Hayat Mecmuası’nda bir reklam
İzin dönüşü vedalaşmak için buluştuğum akademisyen dostum irice bir zarf tutuşturdu elime. “Sahafları gezerken rast gelmiştim bu eski mecmuaya; uçakta okursun.” dedi.
Böyle hatırnaz davranışlar çok duygulandırır beni. Dayanamadım, oracıkta zarfından çıkarıverdim incelikli armağanını: “Hayat Mecmuası, 6 Mayıs 1960, Sayı:19”

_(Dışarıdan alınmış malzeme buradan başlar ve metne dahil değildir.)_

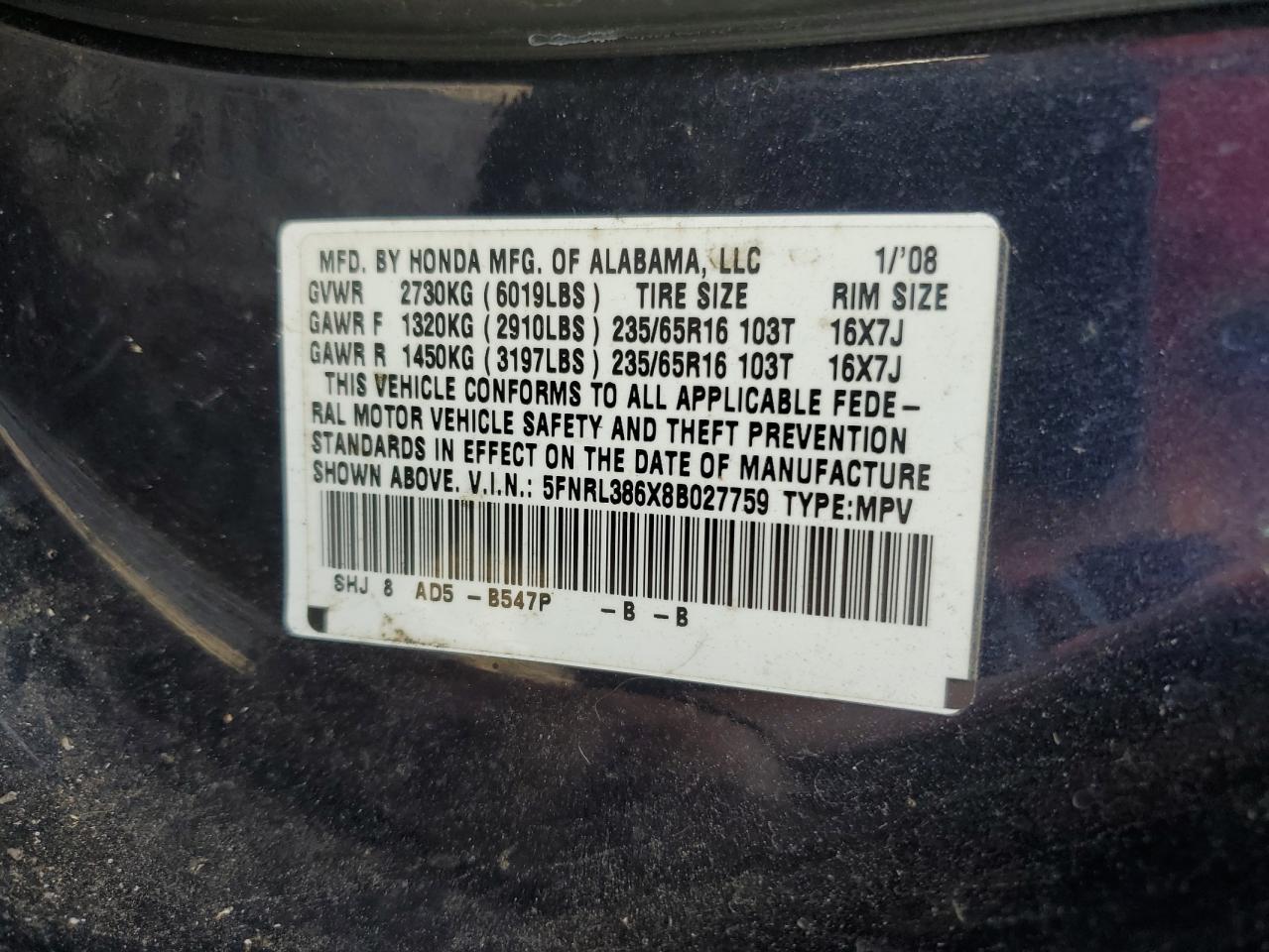 2008 Honda Odyssey - Image 13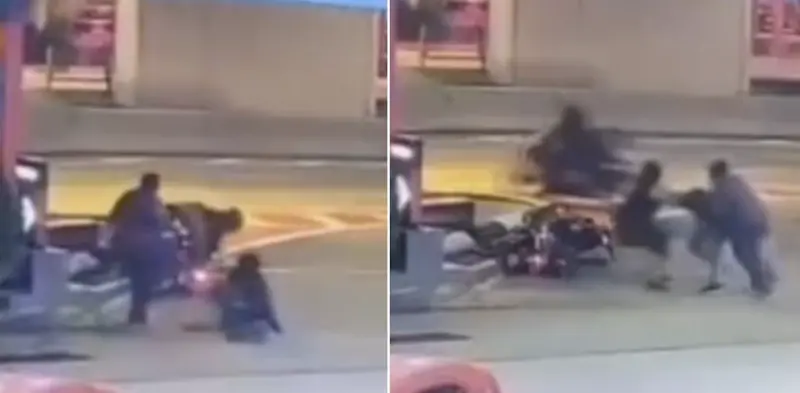 抱娃仍單手壓制歹徒！「最強奶爸」爆紅　搶劫犯嚇到落跑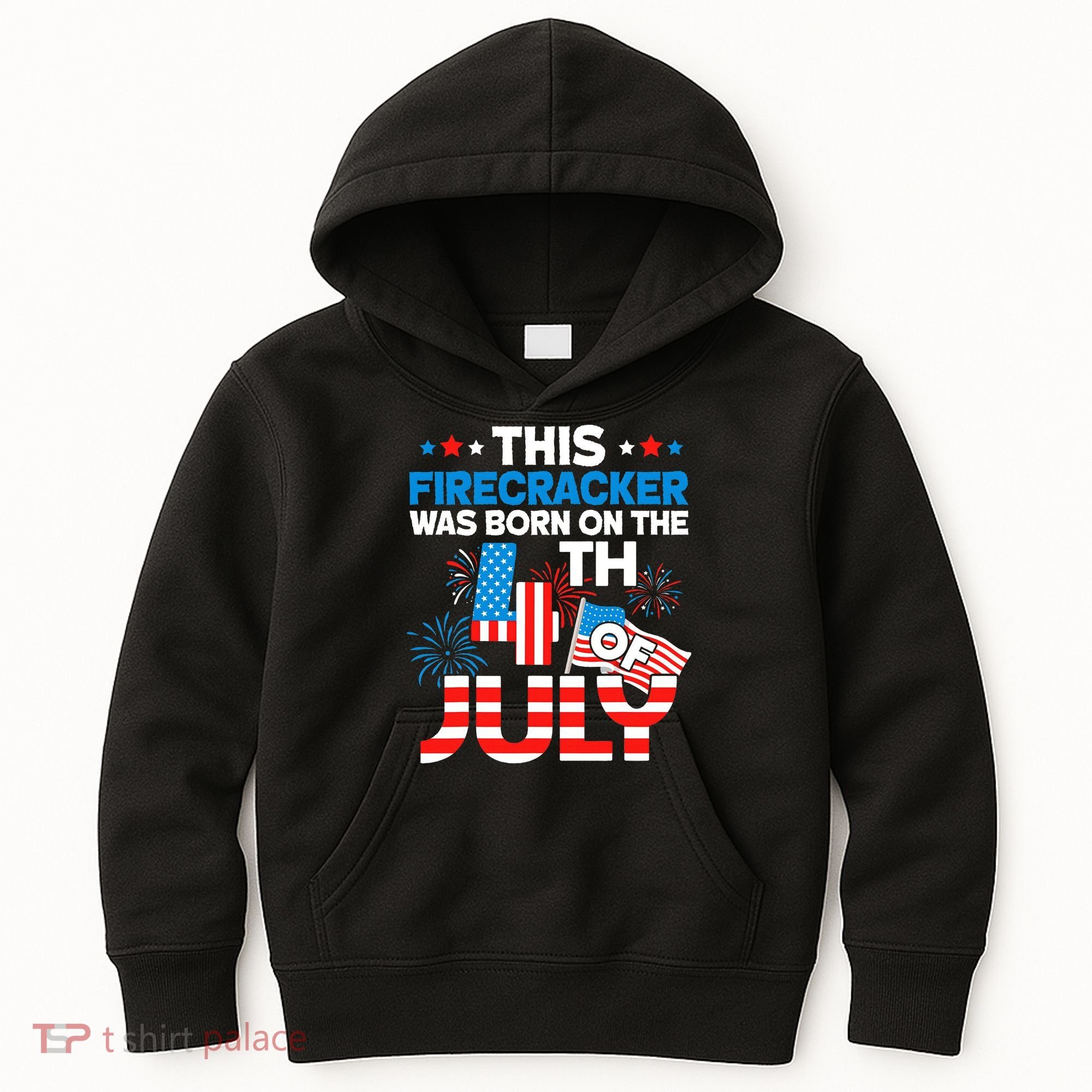 This Firecracker Born On 4th Of July Patriotic Birthday Kids Hoodie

Şöhretin ve varsıllığın ışıl ışıl gülümsettiği genç bir çiftin yandan çekilmiş güzel fotoğrafı süslüyordu mecmuanın kapağını. Fotoğrafın altında, “Senenin en meşhur çifti: Prenses Margaret ve Antony Armstrong-Jones” yazıyordu. Hayat Mecmuasının bu sayısının basıma girdiği gün meğerse İngiliz Prenses Margaret düğün arifesindeymiş!
Kapaktaki diğer içerik duyuruları ise şöyleydi: “On Binlerin Kapıştığı Sihirli Mesir Macununun 420 Yıllık Reçetesi”, “İtalya'yı Altüst Eden Film: Tatlı Hayat” ve “1959-1960 Milli Lig Şampiyonu Beşiktaş Takımının Posteri Orta Sahifelerde”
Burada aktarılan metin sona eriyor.